A COMPARISON OF METHODS FOR MODIFYING THE PARTIAL SINGULAR VALUE DECOMPOSITION IN LATENT SEMANTIC INDEXING
TOUGAS, JANE E.
MetadataShow full item record
The tremendous size of the Internet and modem databases has made efficient searching and information retrieval (IR) important. Latent semantic indexing (LSI) is an IR method that represents a dataset as a term-document matrix. LSI uses a matrix factorization method known as the partial singular value decomposition (PSVD). Calculating the PSVD of a large term-document matrix is computationally expensive. In a rapidly expanding environment, a term-document matrix is altered often as new documents and terms are added. Recomputing the PSVD of the term-document matrix each time these slight alterations occur can be prohibitively expensive.
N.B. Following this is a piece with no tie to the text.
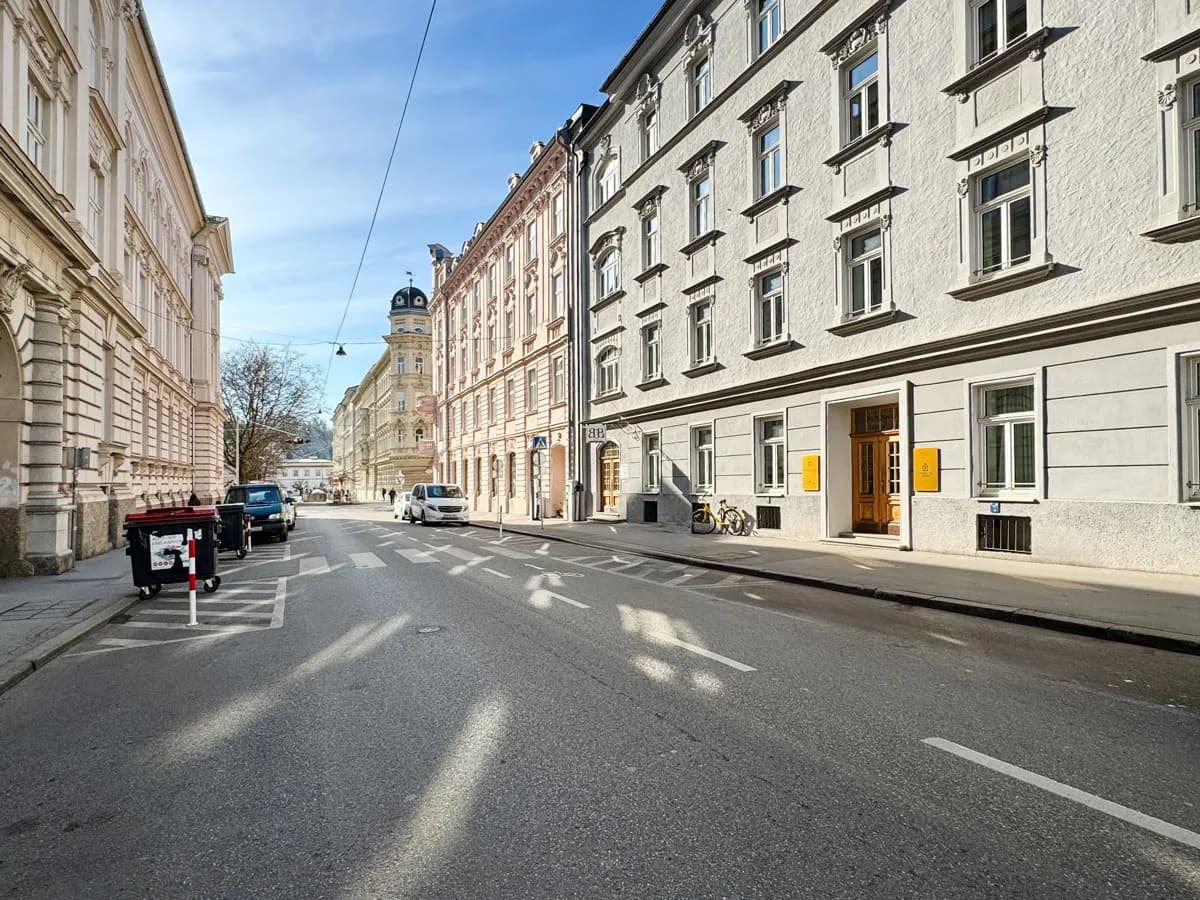 Gewerbeimmobilie mieten in Salzburg Stadt – 131 m², € 2.063 – Bild 1 von 19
Folding-in is one method of adding new documents or terms to an LSI database; updating the PSVD of the existing LSI database is another. The folding-in method is computationally inexpensive, but may cause deterioration in the accuracy of the PSVD. The PSVD-updating method is computationally more expensive than the folding-in method, but better maintains the accuracy of the PSVD. Folding-up is a new method that combines folding-in and PSVD-updating. Folding-up is faster than either recomputing the PSVD or PSVD-updating, but avoids the degradation in the PSVD that can occur when the folding-in method is used on its own.